Only one stretch of the records below should be repeated. It starts with the line containing "mikki superstar online" and goes on through the line containing "Used 2022 Mercedes-Benz", exactly as written.
▬▬▬▬▬▬
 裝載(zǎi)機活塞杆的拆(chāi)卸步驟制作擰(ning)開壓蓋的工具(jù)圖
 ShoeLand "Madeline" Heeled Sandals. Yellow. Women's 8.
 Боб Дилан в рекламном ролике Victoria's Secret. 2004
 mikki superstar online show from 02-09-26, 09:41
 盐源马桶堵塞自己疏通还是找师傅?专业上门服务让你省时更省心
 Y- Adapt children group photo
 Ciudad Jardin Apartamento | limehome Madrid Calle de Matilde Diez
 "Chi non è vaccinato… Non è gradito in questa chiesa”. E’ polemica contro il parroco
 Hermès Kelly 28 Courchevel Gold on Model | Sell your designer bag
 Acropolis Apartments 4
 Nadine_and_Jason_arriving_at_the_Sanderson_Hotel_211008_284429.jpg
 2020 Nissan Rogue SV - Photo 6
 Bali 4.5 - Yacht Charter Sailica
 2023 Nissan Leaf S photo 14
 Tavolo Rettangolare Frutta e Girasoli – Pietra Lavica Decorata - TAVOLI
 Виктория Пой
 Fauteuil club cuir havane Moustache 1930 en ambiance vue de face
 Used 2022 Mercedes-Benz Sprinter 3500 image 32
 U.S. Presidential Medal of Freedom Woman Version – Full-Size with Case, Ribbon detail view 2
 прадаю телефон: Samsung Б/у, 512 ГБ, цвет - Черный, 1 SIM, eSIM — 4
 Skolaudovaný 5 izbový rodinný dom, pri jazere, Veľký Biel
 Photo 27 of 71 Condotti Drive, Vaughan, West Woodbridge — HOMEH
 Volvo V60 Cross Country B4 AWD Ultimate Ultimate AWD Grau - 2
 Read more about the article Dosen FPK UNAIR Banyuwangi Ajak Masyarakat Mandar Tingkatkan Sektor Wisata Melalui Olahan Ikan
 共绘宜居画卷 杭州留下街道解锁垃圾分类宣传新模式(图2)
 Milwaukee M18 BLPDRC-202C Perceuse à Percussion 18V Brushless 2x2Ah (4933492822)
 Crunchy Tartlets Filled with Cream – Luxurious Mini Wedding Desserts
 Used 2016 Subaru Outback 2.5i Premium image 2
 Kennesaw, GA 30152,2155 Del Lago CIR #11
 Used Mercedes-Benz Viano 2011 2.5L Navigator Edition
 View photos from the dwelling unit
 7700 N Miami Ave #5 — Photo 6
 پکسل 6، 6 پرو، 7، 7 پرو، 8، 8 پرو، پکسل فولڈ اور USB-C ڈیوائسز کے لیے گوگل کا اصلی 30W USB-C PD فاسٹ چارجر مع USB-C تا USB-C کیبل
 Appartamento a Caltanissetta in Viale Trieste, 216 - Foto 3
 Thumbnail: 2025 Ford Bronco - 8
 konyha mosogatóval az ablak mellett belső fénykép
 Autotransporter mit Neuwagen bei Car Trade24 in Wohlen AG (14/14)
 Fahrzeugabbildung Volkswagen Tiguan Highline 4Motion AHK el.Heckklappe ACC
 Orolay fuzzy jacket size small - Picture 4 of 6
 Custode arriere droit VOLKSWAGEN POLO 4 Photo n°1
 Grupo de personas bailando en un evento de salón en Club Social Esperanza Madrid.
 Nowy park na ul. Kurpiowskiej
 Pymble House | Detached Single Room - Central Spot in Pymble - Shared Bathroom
▬▬▬▬▬▬
### RESULT OF THIS TASK
 mikki superstar online show from 02-09-26, 09:41
 盐源马桶堵塞自己疏通还是找师傅?专业上门服务让你省时更省心
 Y- Adapt children group photo
 Ciudad Jardin Apartamento | limehome Madrid Calle de Matilde Diez
 "Chi non è vaccinato… Non è gradito in questa chiesa”. E’ polemica contro il parroco
 Hermès Kelly 28 Courchevel Gold on Model | Sell your designer bag
 Acropolis Apartments 4
 Nadine_and_Jason_arriving_at_the_Sanderson_Hotel_211008_284429.jpg
 2020 Nissan Rogue SV - Photo 6
 Bali 4.5 - Yacht Charter Sailica
 2023 Nissan Leaf S photo 14
 Tavolo Rettangolare Frutta e Girasoli – Pietra Lavica Decorata - TAVOLI
 Виктория Пой
 Fauteuil club cuir havane Moustache 1930 en ambiance vue de face
 Used 2022 Mercedes-Benz Sprinter 3500 image 32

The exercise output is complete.